Without the pictures, give every record again exactly.

Image-text web data
____________________

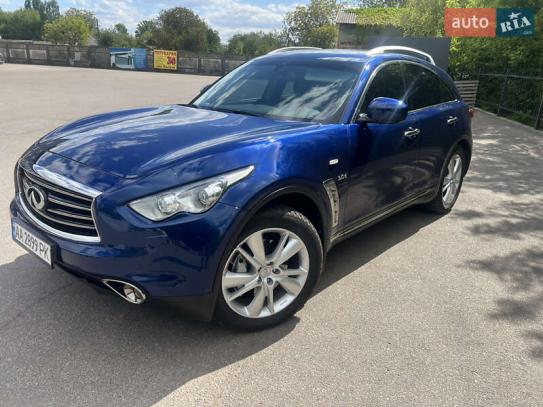 Infiniti Qx70                            2014г. в рассрочку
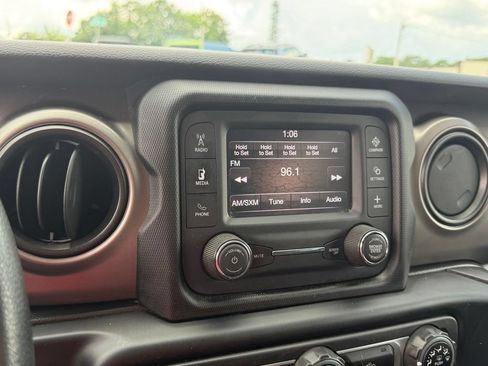 Used 2020 Jeep Wrangler Sport AWD/4WD image 22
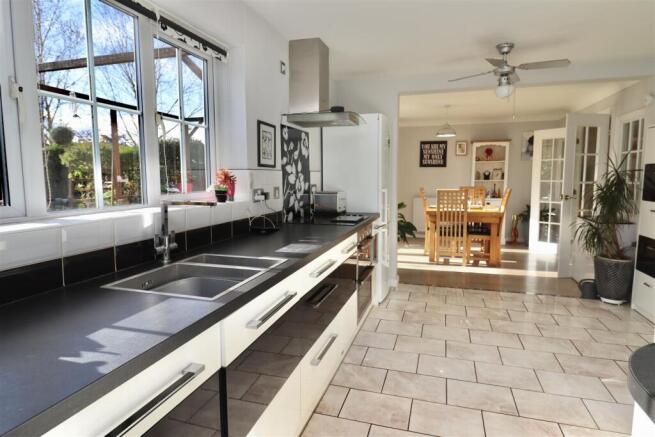 BREAKFAST KITCHEN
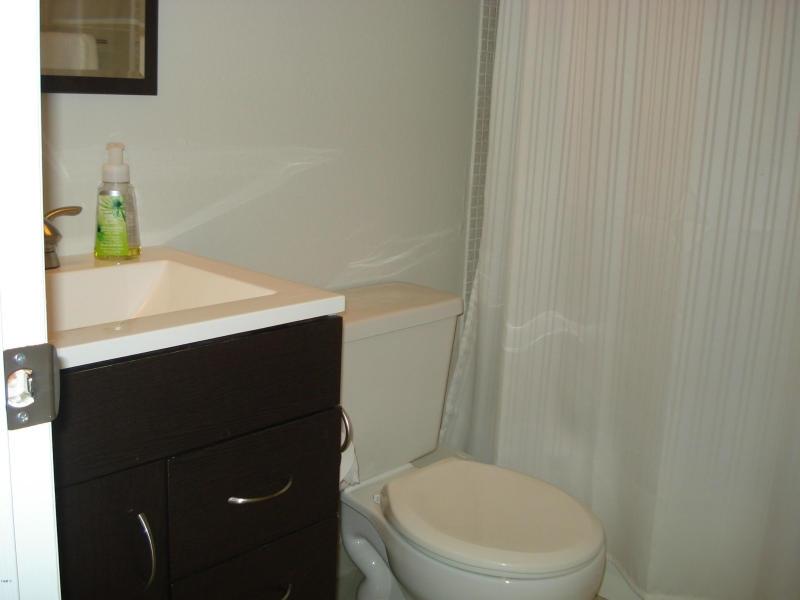2929 South Ocean Boulevard, Unit 203 Boca Raton, FL 33432 - Photo 20 of 20 boca south condo bath5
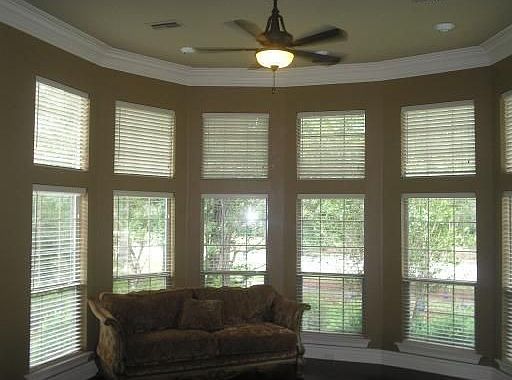 2nd image of 17 Sanctuary Blvd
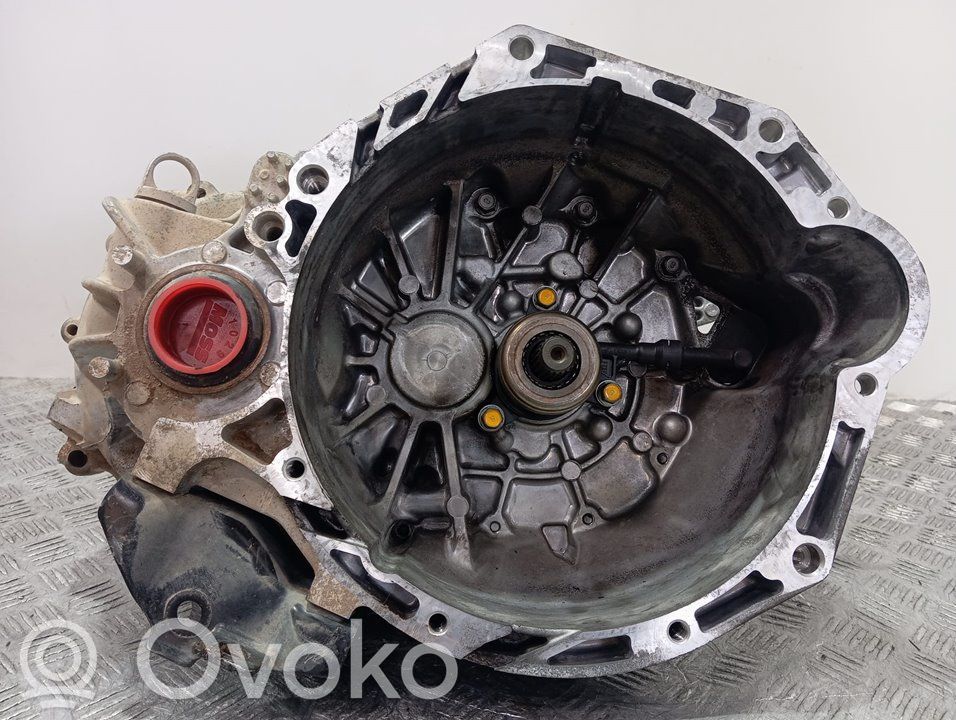 KIA Stonic Cutie viteze manuală cu 5 trepte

____________________

**Written solution:**
 Infiniti Qx70                            2014г. в рассрочку
 Used 2020 Jeep Wrangler Sport AWD/4WD image 22
 BREAKFAST KITCHEN
2929 South Ocean Boulevard, Unit 203 Boca Raton, FL 33432 - Photo 20 of 20 boca south condo bath5
 2nd image of 17 Sanctuary Blvd
 KIA Stonic Cutie viteze manuală cu 5 trepte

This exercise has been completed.